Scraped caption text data
##############################
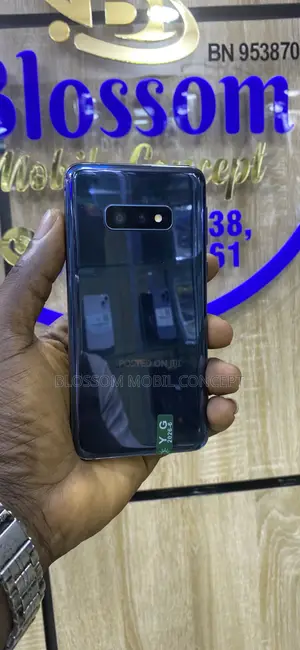 Samsung Galaxy S10e 128 GB Black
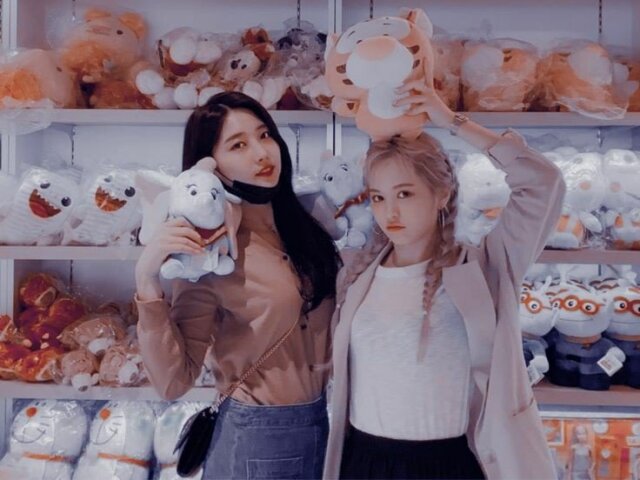 Escolha entre essas músicas de k-pop e te direi que grupo de k-pop você participaria!!!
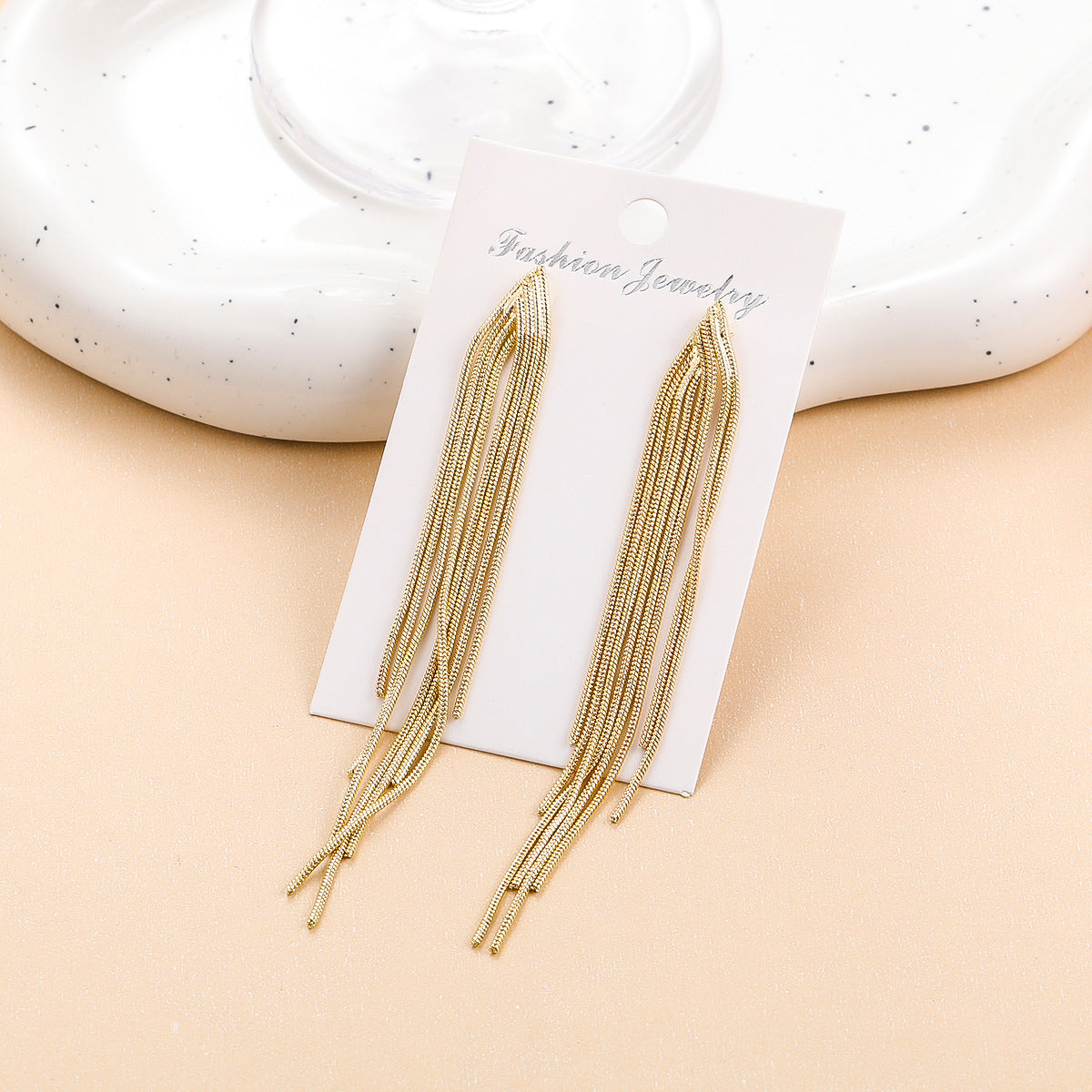 Personnalité abordable luxe à la mode longues boucles d'oreilles de mode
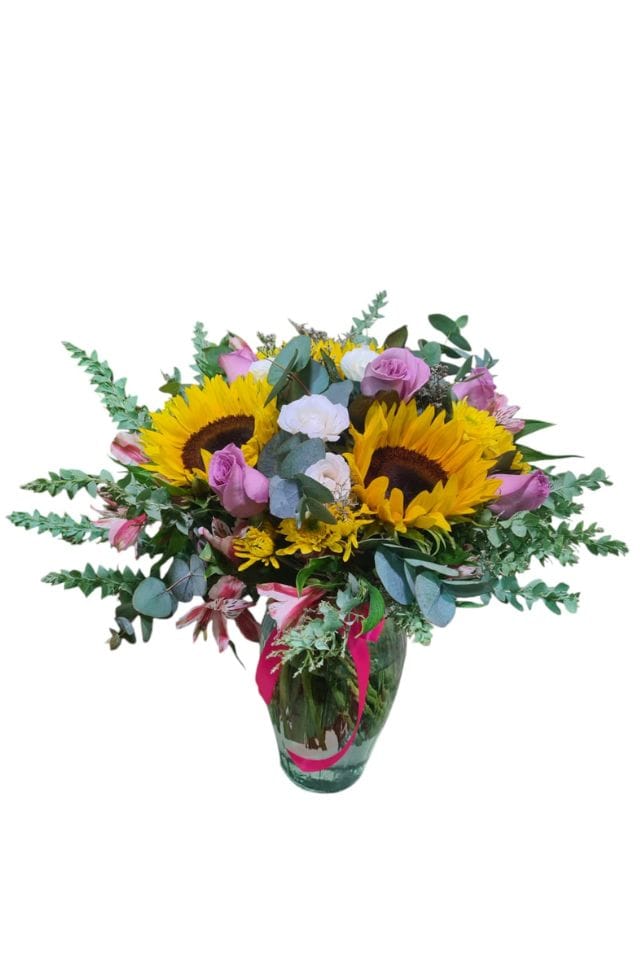 HERMOSO JARRON DE VIDRIO COMPUESTO POR 3 GIRASOLES , 12 ROSAS MORADASY DELICADO FOLLAJE
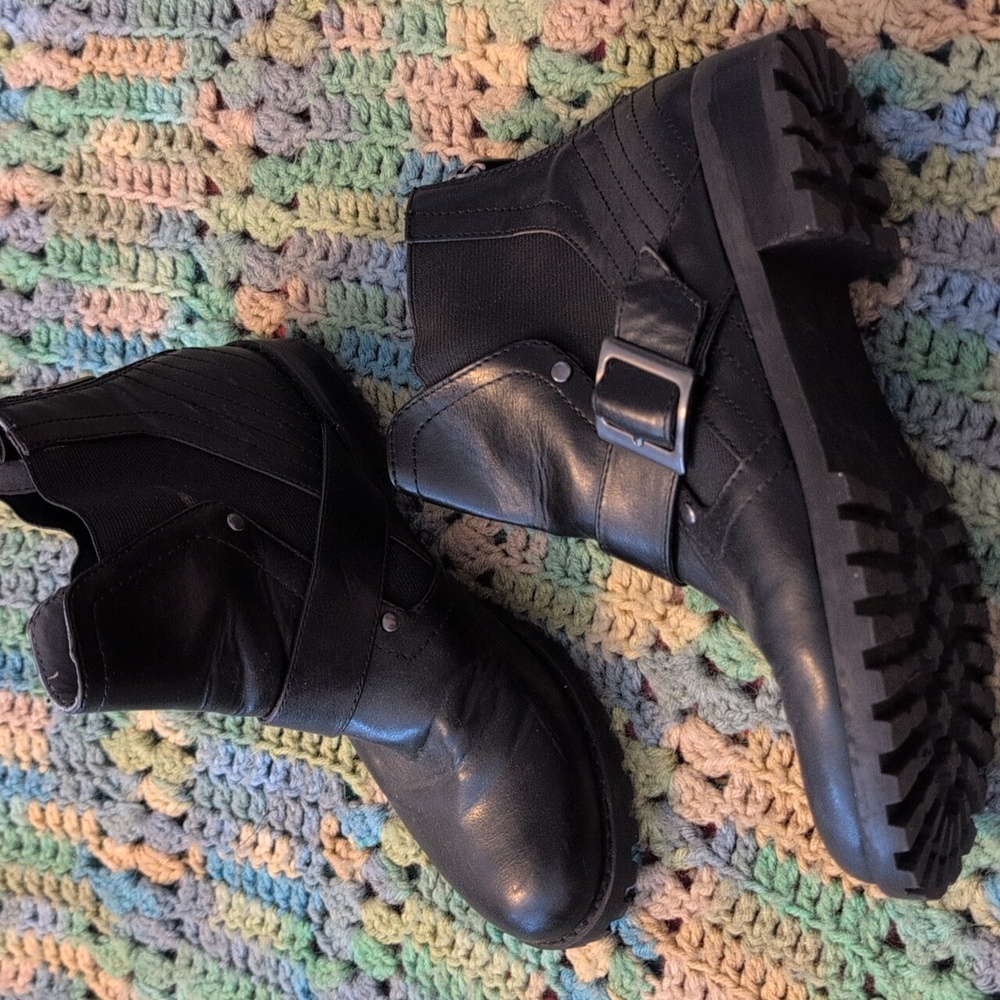 Adrienne Vittadini Black Ankle Boots size 7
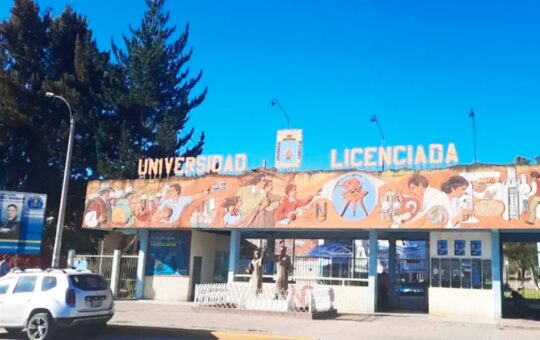 NEWMONT ALAC LIDERA CICLO DE CONFERENCIAS DEL PROGRAMA “LA INDUSTRIA A LAS AULAS” – RCR Peru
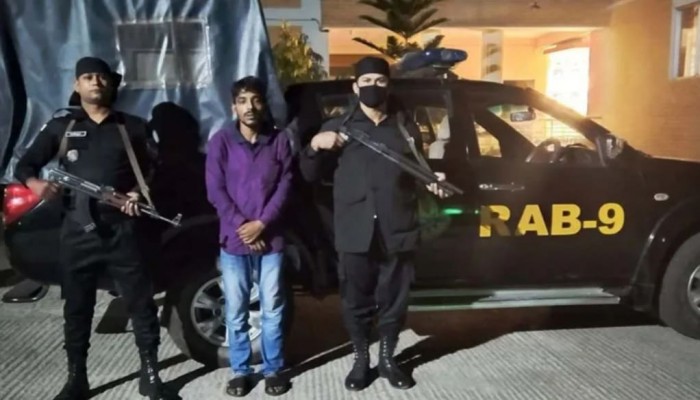 সিলেট  ইয়াবাসহ মাদক ব্যবসায়ী র‍্যাবের হাতে গ্রেফতার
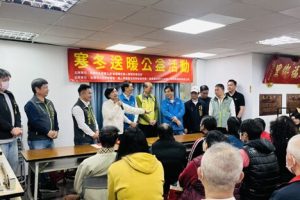 板橋中正里攜手在地團體「寒冬送暖」關懷34戶近貧家庭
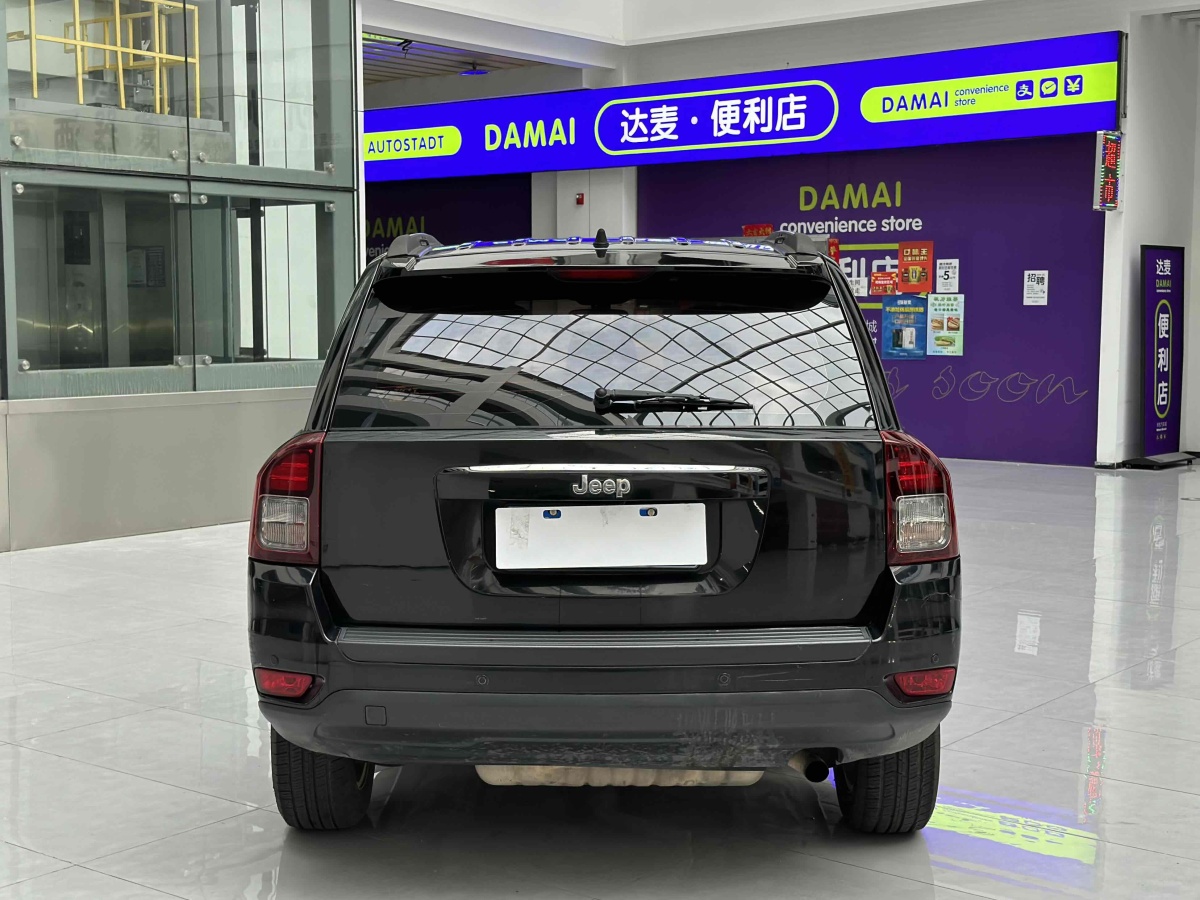 Jeep 指南者  2013款 2.0L 兩驅(qū)運(yùn)動(dòng)版圖片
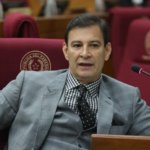 Senador reconoce privilegios y pide revisar la Caja Parlamentaria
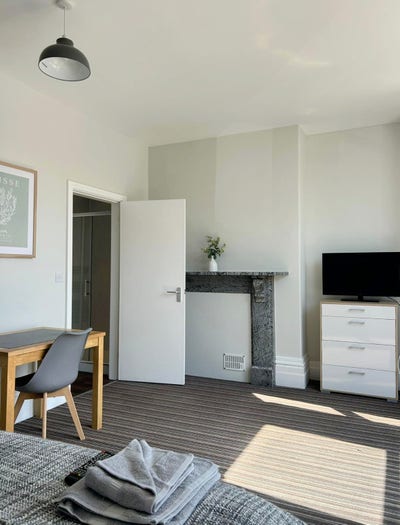  Large ensuite room - Town centre  Main Photo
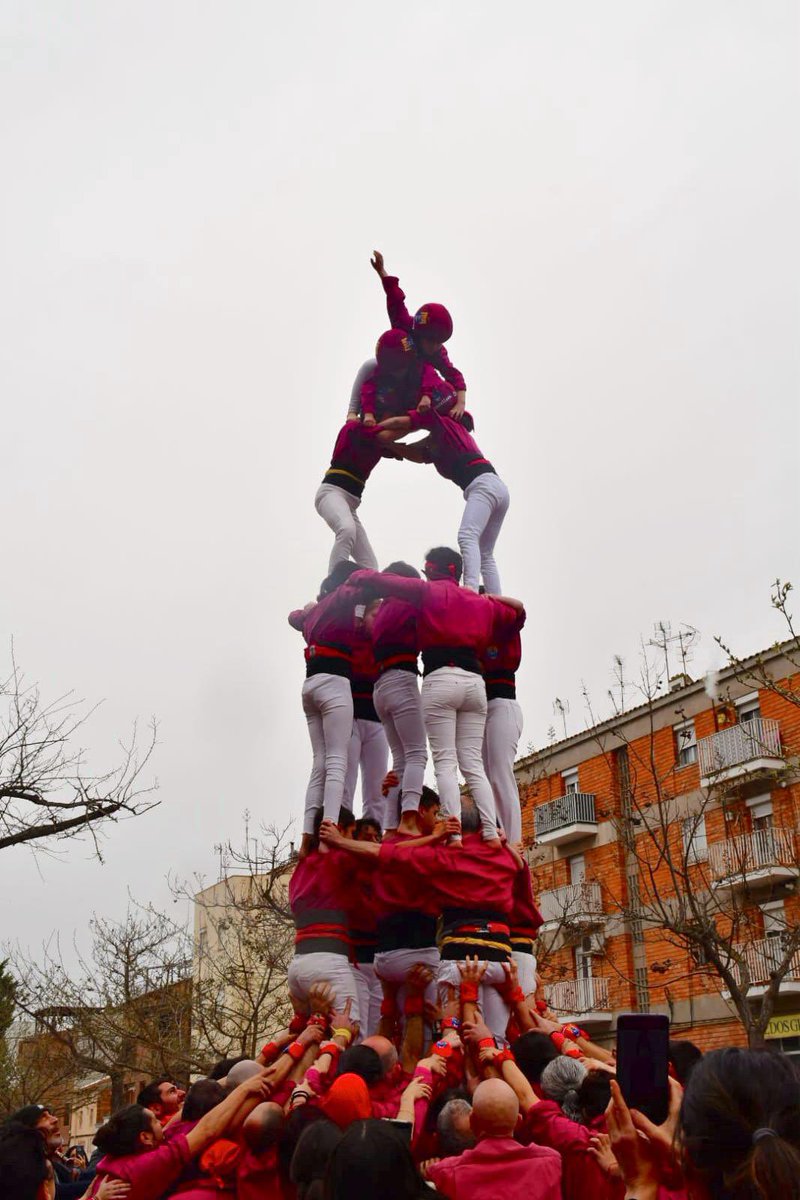 CdLleida's tweet photo. 👉🏻 Al migdía, hem celebrat la primera actuació de la temporada, on en solitari hem descarregat 2pd4, el 3d7, el 5d6 i el 4d6a!✨💪🏻

#orgullbordeus #castells https://t.co/TdCXfMcmaX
##############################
Task requirements ▸
The records above should be repeated exactly, with no pictures in the copy.

Output below ▸
 Samsung Galaxy S10e 128 GB Black
 Escolha entre essas músicas de k-pop e te direi que grupo de k-pop você participaria!!!
 Personnalité abordable luxe à la mode longues boucles d'oreilles de mode
 HERMOSO JARRON DE VIDRIO COMPUESTO POR 3 GIRASOLES , 12 ROSAS MORADASY DELICADO FOLLAJE
 Adrienne Vittadini Black Ankle Boots size 7
 NEWMONT ALAC LIDERA CICLO DE CONFERENCIAS DEL PROGRAMA “LA INDUSTRIA A LAS AULAS” – RCR Peru
 সিলেট  ইয়াবাসহ মাদক ব্যবসায়ী র‍্যাবের হাতে গ্রেফতার
 板橋中正里攜手在地團體「寒冬送暖」關懷34戶近貧家庭
 Jeep 指南者  2013款 2.0L 兩驅(qū)運(yùn)動(dòng)版圖片
 Senador reconoce privilegios y pide revisar la Caja Parlamentaria
  Large ensuite room - Town centre  Main Photo
 CdLleida's tweet photo. 👉🏻 Al migdía, hem celebrat la primera actuació de la temporada, on en solitari hem descarregat 2pd4, el 3d7, el 5d6 i el 4d6a!✨💪🏻

#orgullbordeus #castells https://t.co/TdCXfMcmaX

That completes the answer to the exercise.